The Media Oxpecker
june 22, 2012 03:34 pm
Every week we round up industry news you may have missed while you were busy trying to reach us.
- The New York Times and BuzzFeed will collaborate in their coverage of the 2012 political conventions. The partnership is a win-win, says Megan Garber:
The team-up will find the two powerful institutions working together to cover the upcoming political conventions, via video segments that will feature Buzzfeed editor-in-chief Ben Smith and others among the site's political reporters. And the collaboration makes, initial WTF notwithstanding, a lot of sense: It gives Buzzfeed some additional credibility as a purveyor of Serious Journalism; and it gives the Times some additional credit for its willingness to dive into the LOLing underbelly of the Internet.
- Mathew Ingram evaluates the winners of the Knight News Challenge and concludes that the future of news will be mobile, video, data and crowdsourced.
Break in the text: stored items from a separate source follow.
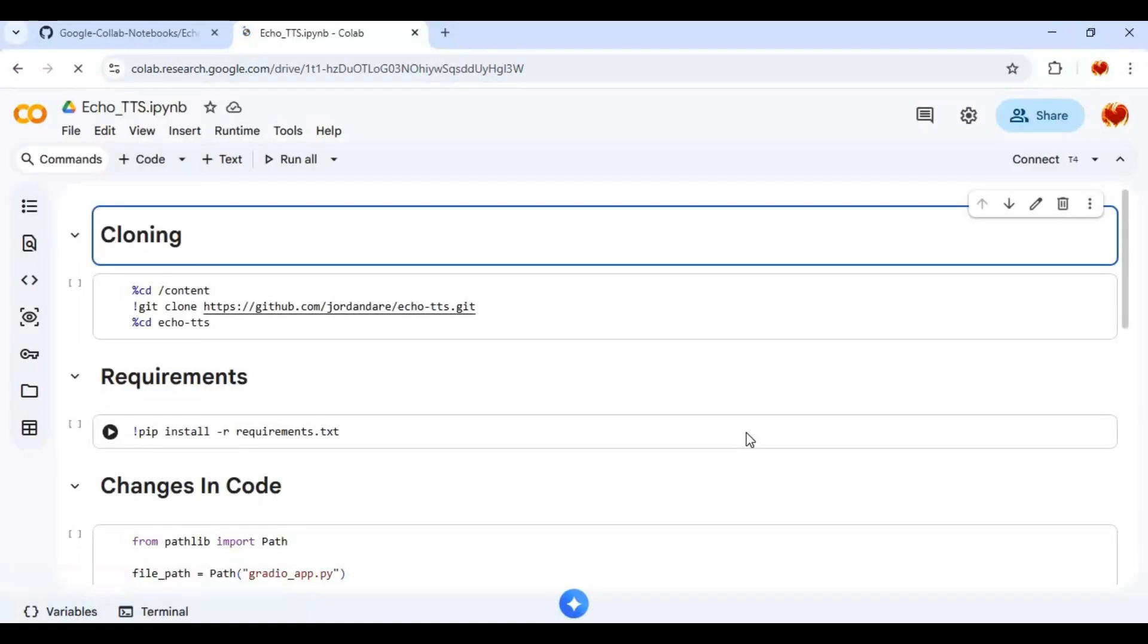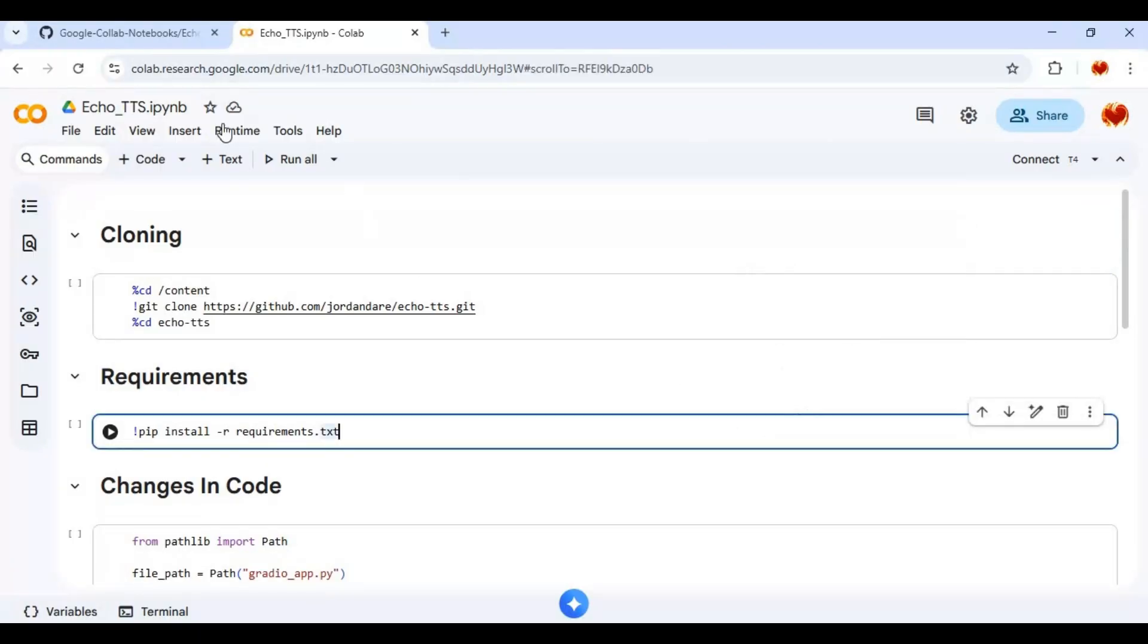Click on Runtime and change Runtime, choose T4 GPU and click Save.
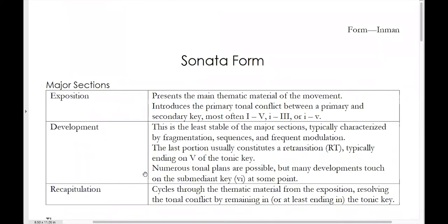The third major section in a sonata form is called the recapitulation. 'Re' means again, 'cap' means top. So a recapitulation basically goes back to the beginning of the thematic cycle that was introduced at the beginning of the exposition. A recap is very similar to what we've been talking about in binary forms in terms of having a reprise — both of them will go back to the original thematic material, most typically in the tonic key, having that double return of the opening theme in the original key.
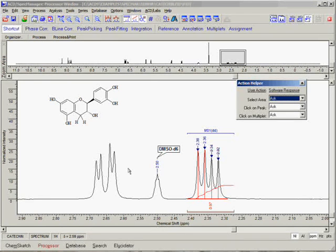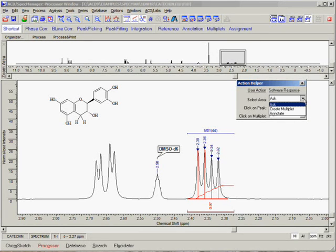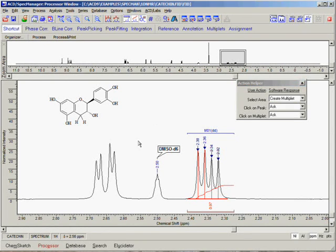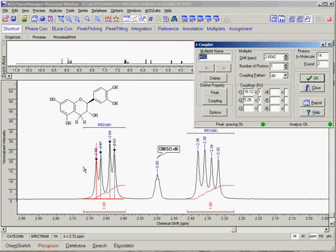Before we do that, however, we are going to change some settings in our Action Helper dialog box. Remember that when we clicked and dragged across a multiplet, the software asked us to choose if we were intending to annotate that region or create a multiplet? This additional mouse click can be avoided if we change the Select Area setting in the Action Helper dialog box from Ask to Create Multiplet. Now you can see that by simply clicking and dragging across a multiplet with the left mouse button, a new multiplet is automatically created.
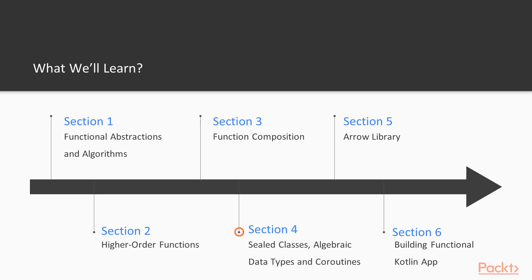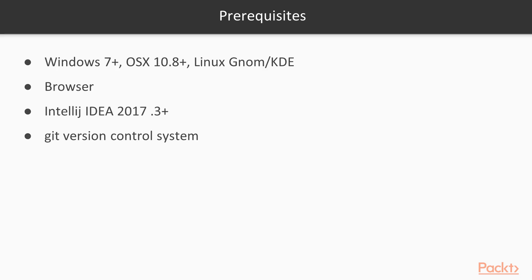In second half of this course, we will go through Kotlin advanced language features and Aero library. At the end, we will build entire app using Kotlin, Aero library and functional programming techniques.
- J-schools convened to discuss the digital divide between communities with broadband access and those without, and the "information gap" that results.
- The Economist Group's digital strategy: Lean-forward web and lean-back digital editions.
- "Pay attention to what Nick Denton is doing with comments," says Clay Shirky.
- The Buffalo News is hopping on the paywall bandwagon.
- What kinds of local publishers can successfully charge for online?
- "Marketers [are] about to wake up to the realization that they've allowed the data of their customer bases to be distributed among all our varied social platforms, without a strong plan for how to unify and act on that data, to make money and keep customers satisfied."
- In response to a class action lawsuit, Facebook will give users more control over how their names appear in sponsored stories.
- Facebook's mobile-only ads have debuted to rave reviews from advertisers and users.
- Why mobile can't 'save' local mews.
- 7 CMS platforms for hyperlocal publishers.
- And finally, "What Paper Means in Prison,":
The everyday things we take for granted become vital when we're deprived of them. Prisoners, powerless, have fought for their right to paper. The paper object—book, magazine, letter, paperwork and usable trash—is socially crucial not only for what it is, but what it can become.